Nevertheless, the company’s share price, which has seen a lot of ups and downs in recent months relating to developments with its Ebola drug, had climbed 17% on the NasdaqCM in late-afternoon trading, as investors welcomed the news.

The stock took a hit after US officials placed TKM-Ebola on ‘clinical hold’ back in July, requesting data to clarify the mechanism of potential cytokine release and a modification to the protocol for the multiple ascending dose portion of the trial, but rallied again after this was reduced to a ‘partial’ hold in August to help pave the way for its potential use in Ebola-infected patients.
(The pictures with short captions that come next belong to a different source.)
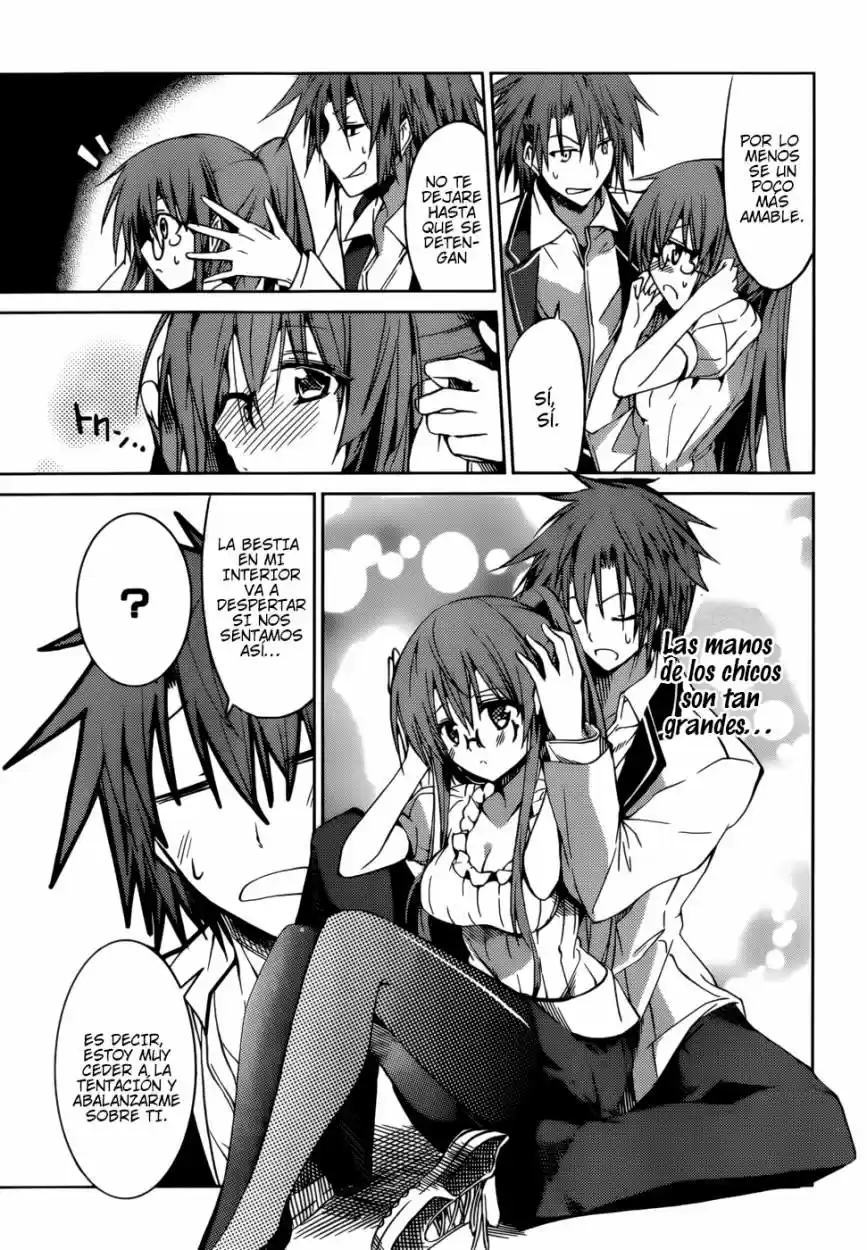 Tora Kiss - A School Odyssey (2012) - Capítulo 17 - Página 8 - LectorTMOo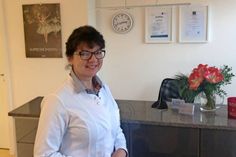 Die staatlich geprüfte Podologin Antje Noack setzt sich für das Wohlbefinden und die Gesundheit der Füße ein.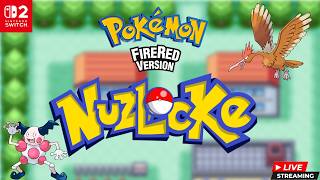 Lets find Moltress | Fire Red Nuzlocke LIVE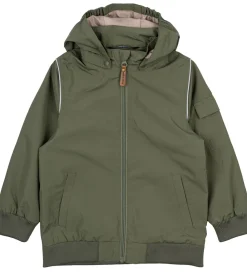 Skaljakke - Dusty Olive|Mikk-Line Outlet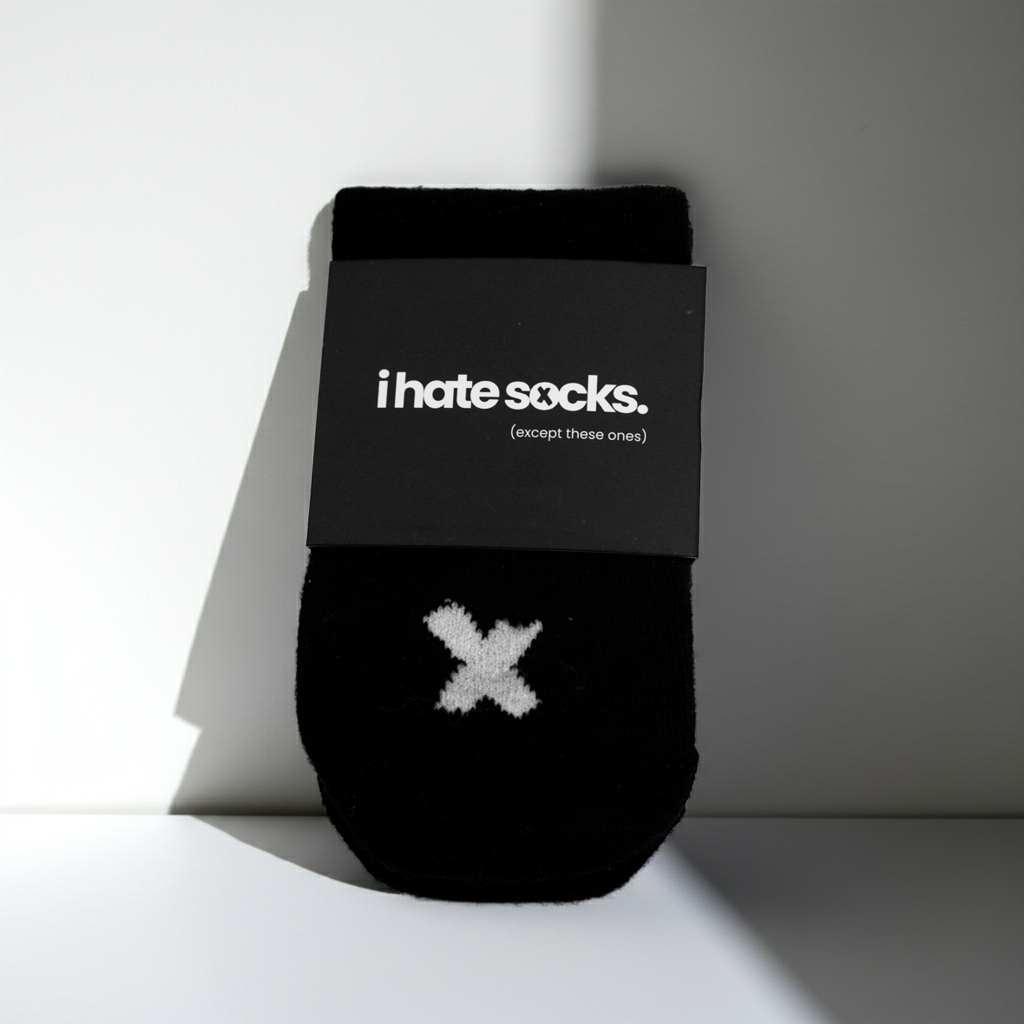 3 pack kids seamless socks - starter set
Tekmira is developing the an anti-Ebola RNAi therapeutic under a $140-million contract with the US Department of Defence, but it warned that supplies are limited.

Preclinical studies, published in the The Lancet, have shown that administering an siRNA targeting the Ebola virus via Tekmira’s LNP technology to previously infected non-human primates resulted in 100% protection from an otherwise lethal dose of Zaire Ebola virus, raising hopes over its potential to fight the disease.